EXERCISE: Please output all of the entries exactly and omit any images they hold.

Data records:

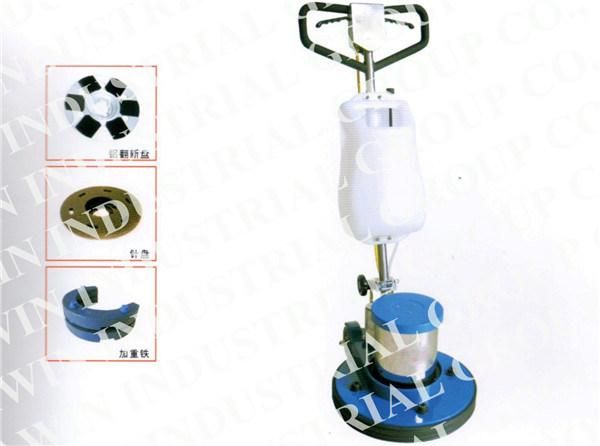 Marble Stone Grinder Concrete High Speed Floor Polisher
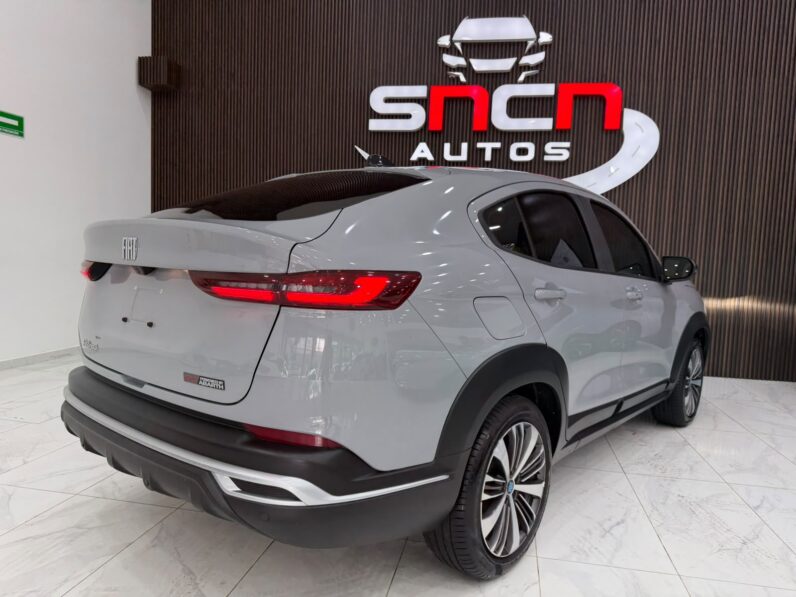FIAT FASTBACK 2025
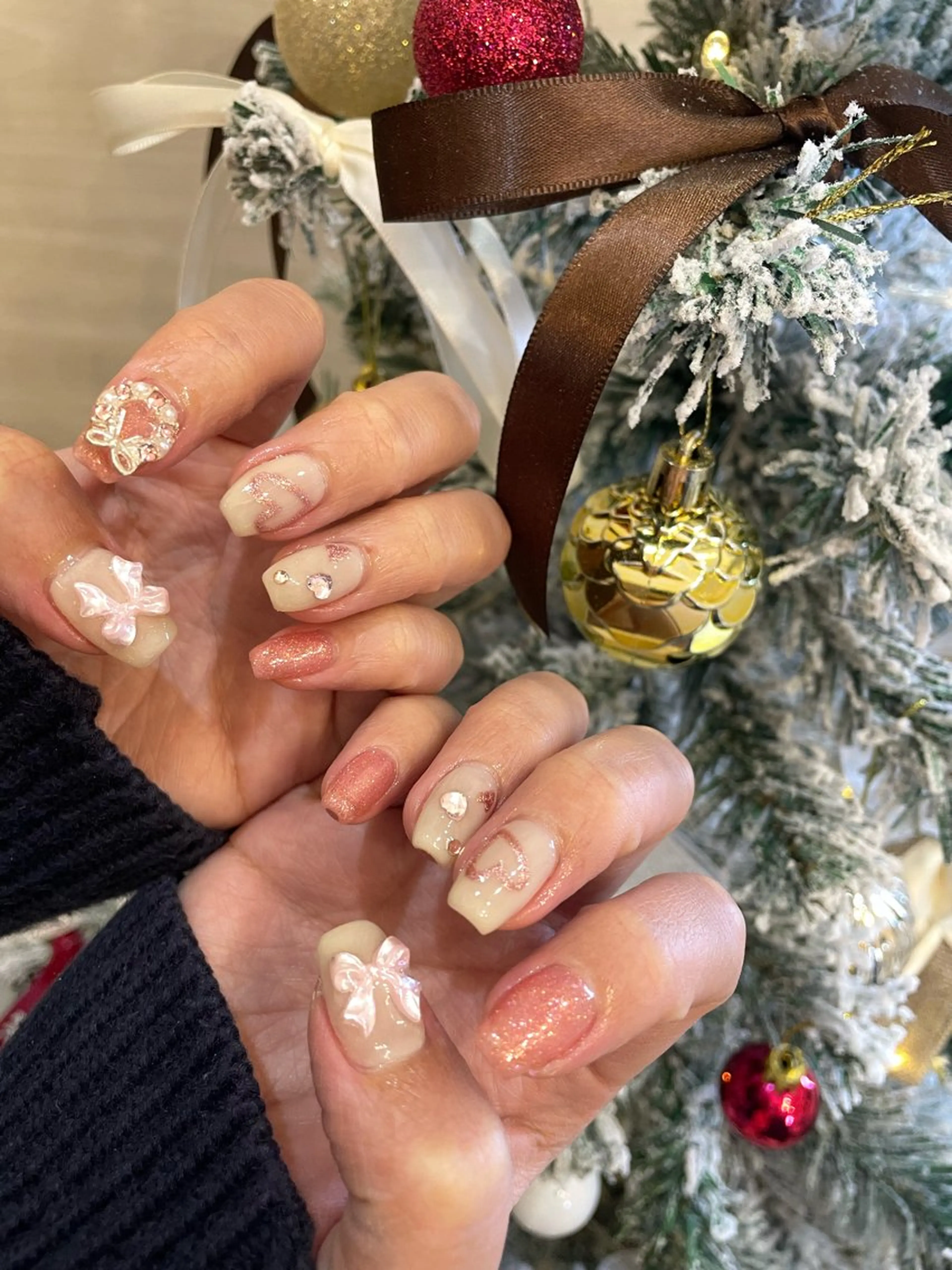 ネイル Nail Salon Gummi.のネイルデザイン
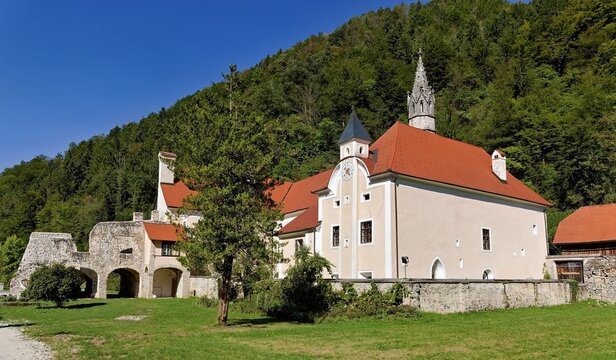 Jurkloster, Stajerska, Slovenia, Europe, 12 September 2026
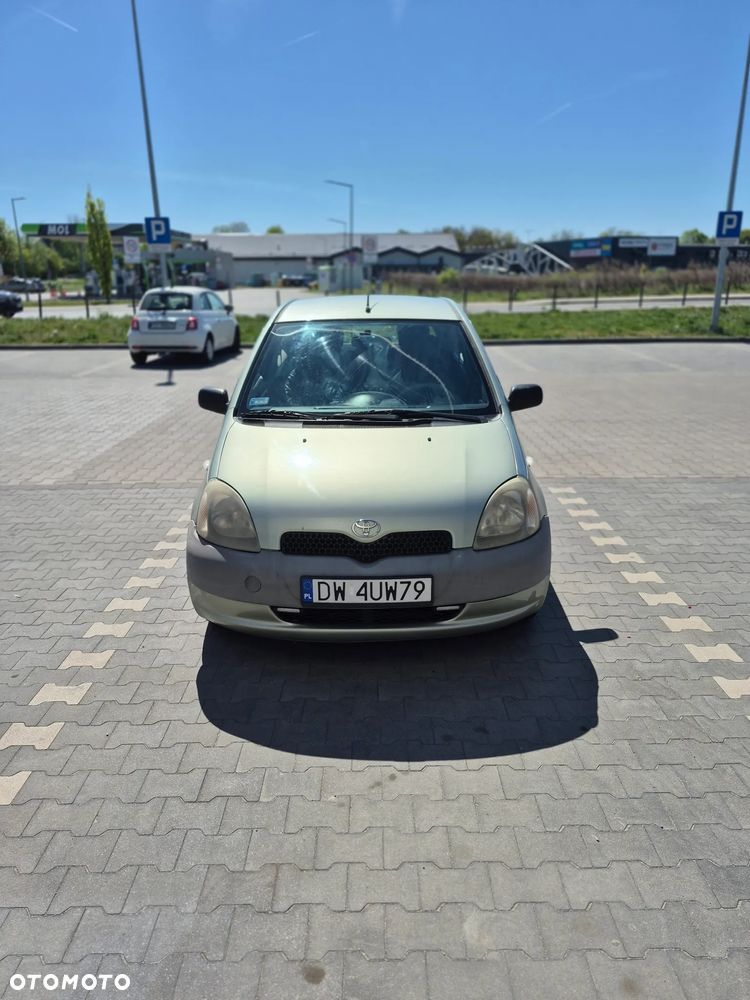 Toyota Yaris 1.0 Luna - 17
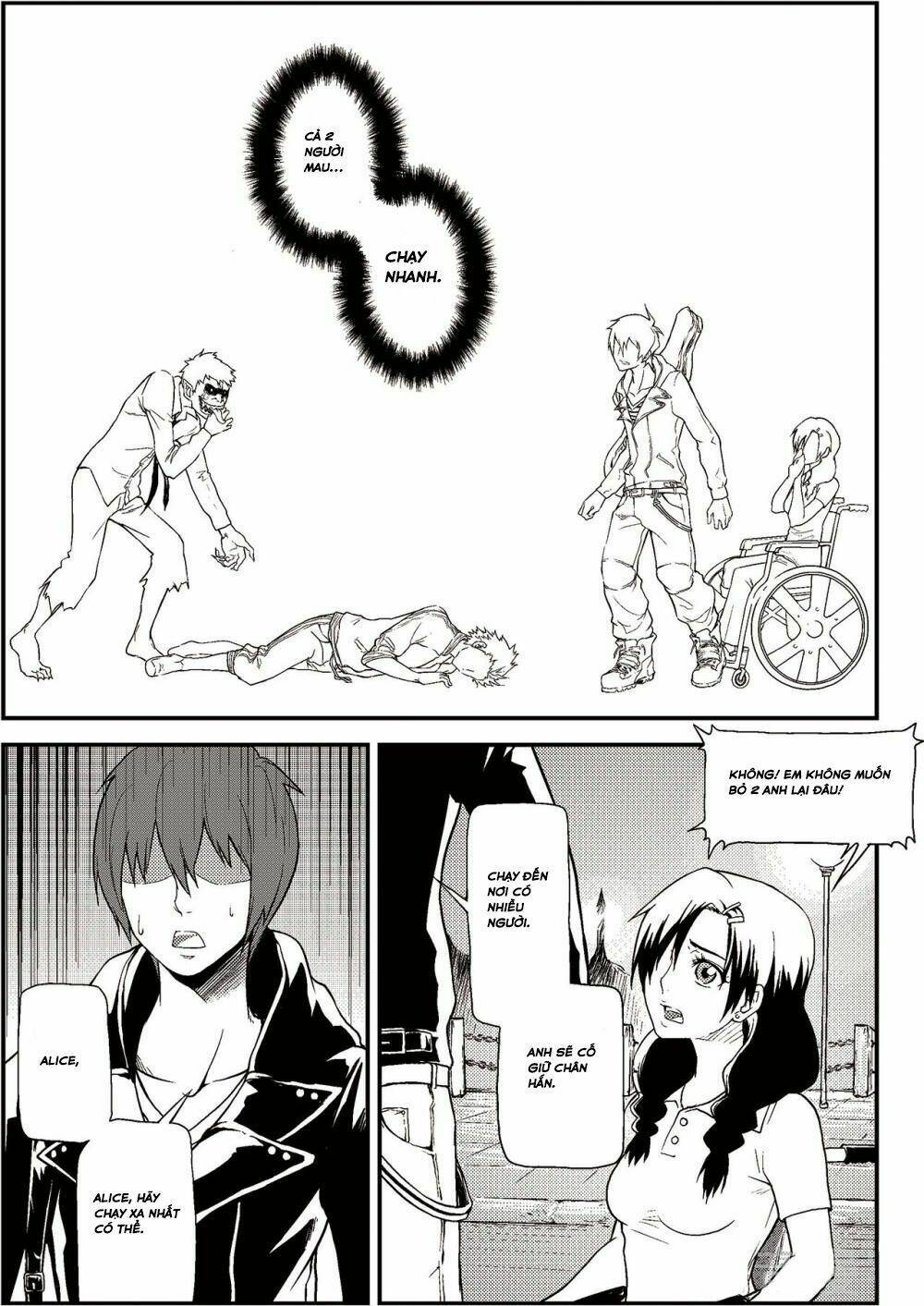 player (yang xiao hua) chapter 1 24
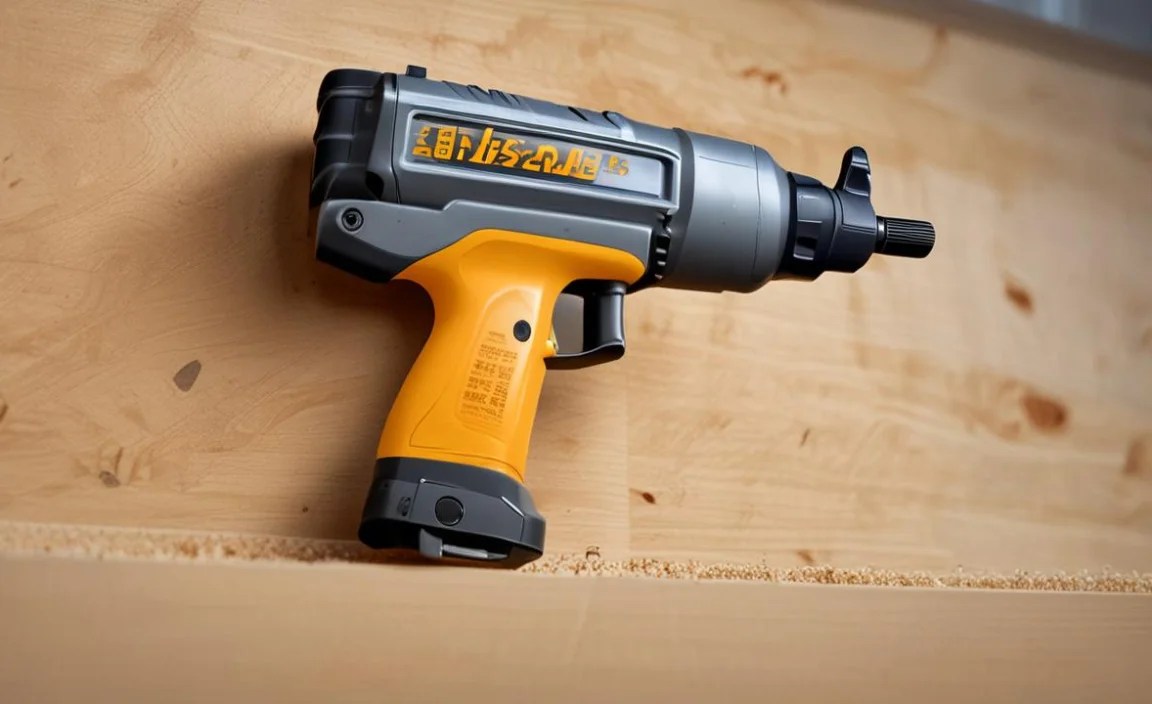 3. Nails Don’t Drive Fully into the Material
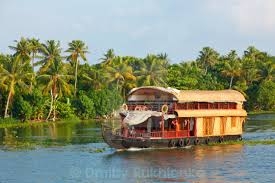 Kerala houseboat Packages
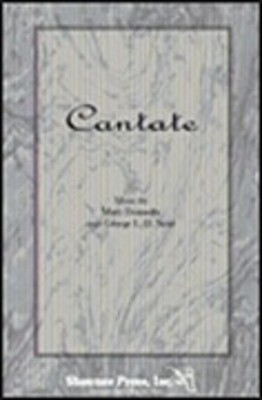 Cantate - George L.O. Strid|Mary Donnelly - 2-Part Mixed Shawnee Press Choral Score Octavo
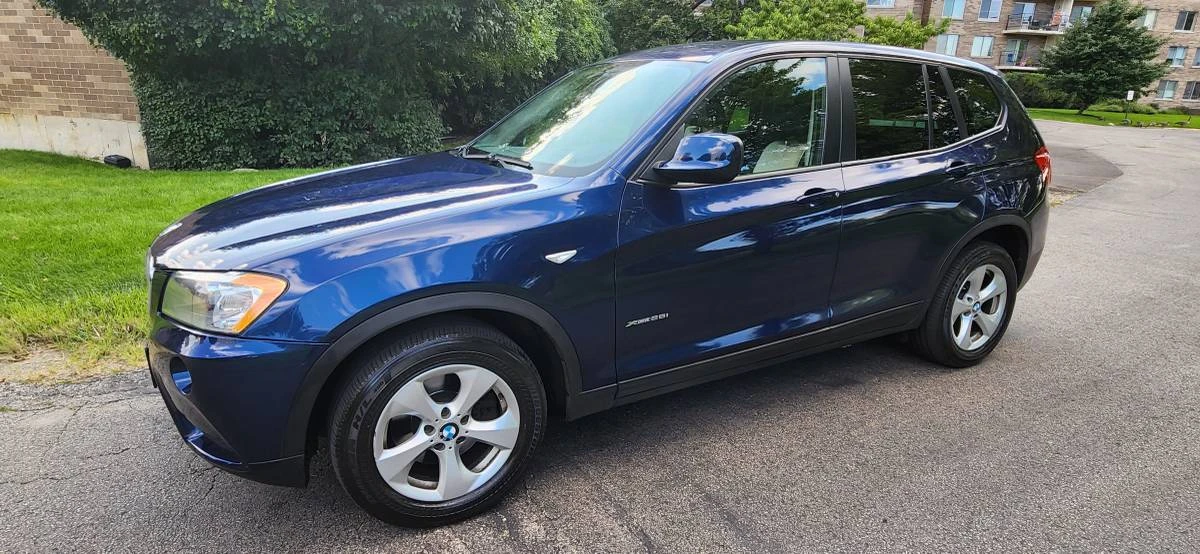 2011 BMW F25 X3 - Image 9 of 15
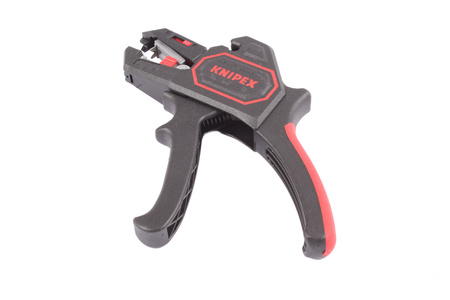 1262180 KNIPEX 12 62 180 0.2-6MM 180X75X21MM ALICATES PELADORES AUTOMÁTICOS DE CABLES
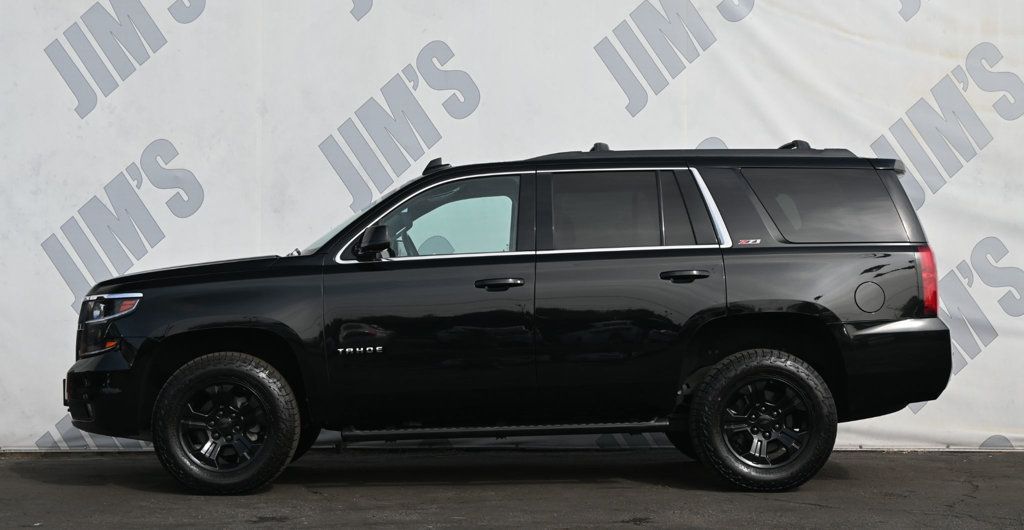 2017 Chevrolet Tahoe LT Z71 photo 3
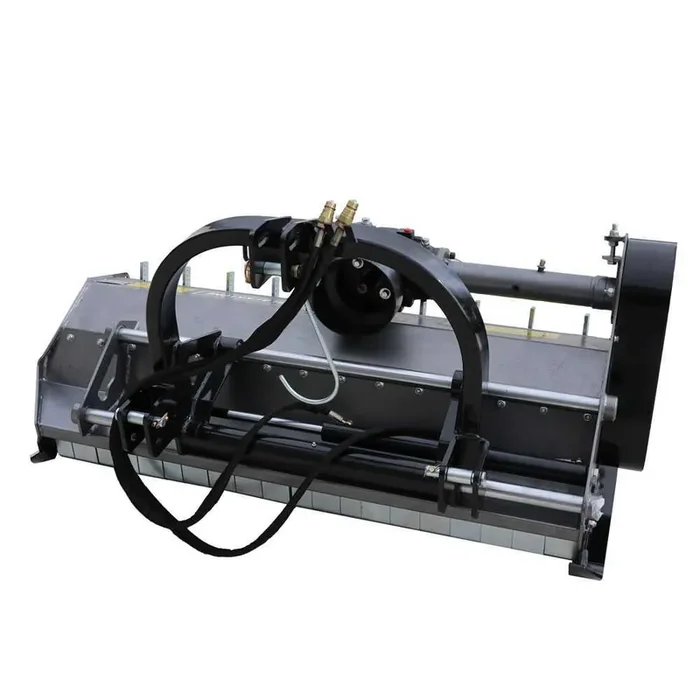 BlackStone BP 150 Hydro – Trinciaerba per trattore – Seria medio-pesante – Spostamento idraulico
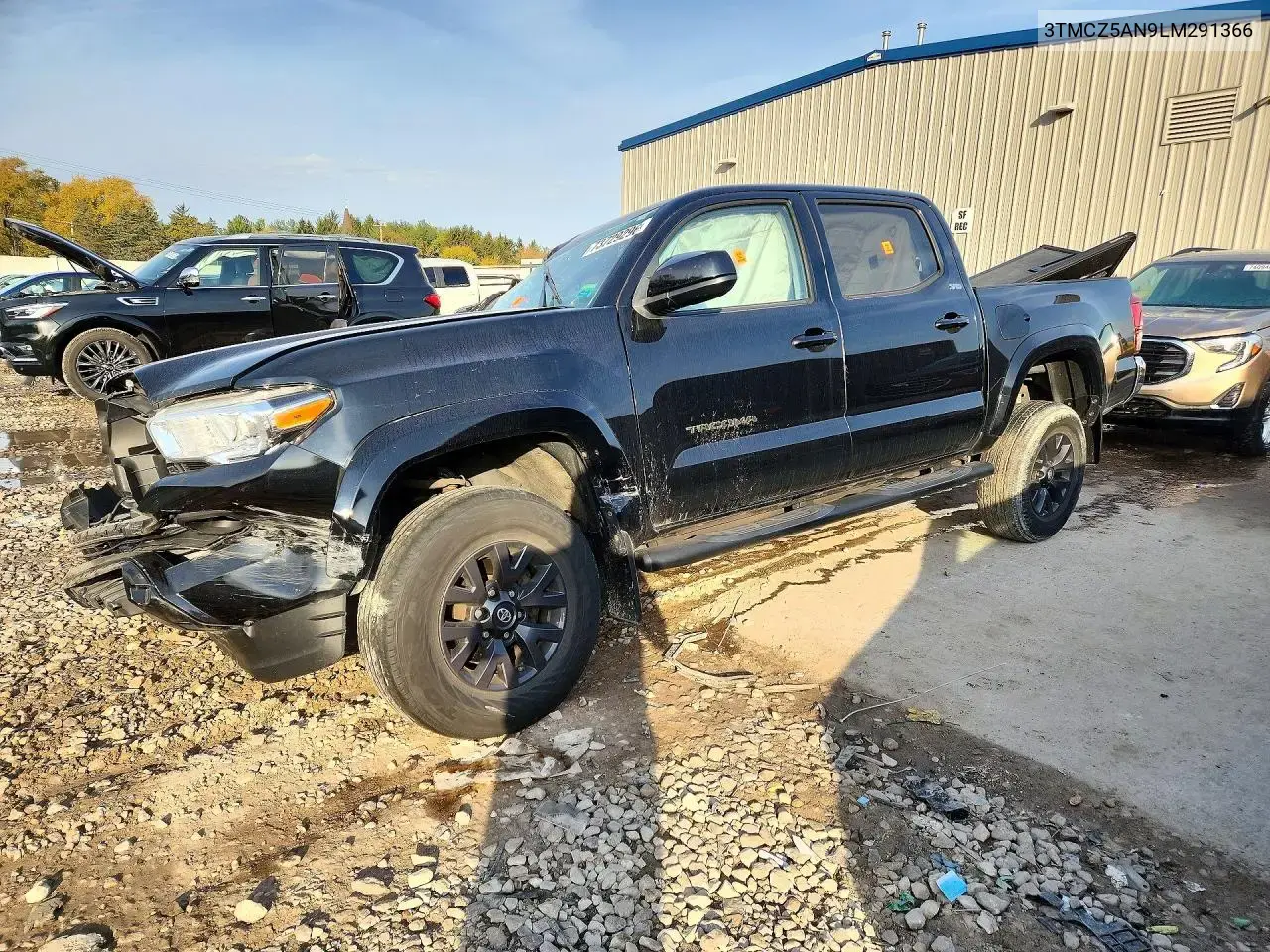 Toyota Tacoma Sr5 V6 2020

RESPONSE AREA:
 Marble Stone Grinder Concrete High Speed Floor Polisher
FIAT FASTBACK 2025
 ネイル Nail Salon Gummi.のネイルデザイン
 Jurkloster, Stajerska, Slovenia, Europe, 12 September 2026
 Toyota Yaris 1.0 Luna - 17
 player (yang xiao hua) chapter 1 24
 3. Nails Don’t Drive Fully into the Material
 Kerala houseboat Packages
 Cantate - George L.O. Strid|Mary Donnelly - 2-Part Mixed Shawnee Press Choral Score Octavo
 2011 BMW F25 X3 - Image 9 of 15
 1262180 KNIPEX 12 62 180 0.2-6MM 180X75X21MM ALICATES PELADORES AUTOMÁTICOS DE CABLES
 2017 Chevrolet Tahoe LT Z71 photo 3
 BlackStone BP 150 Hydro – Trinciaerba per trattore – Seria medio-pesante – Spostamento idraulico
 Toyota Tacoma Sr5 V6 2020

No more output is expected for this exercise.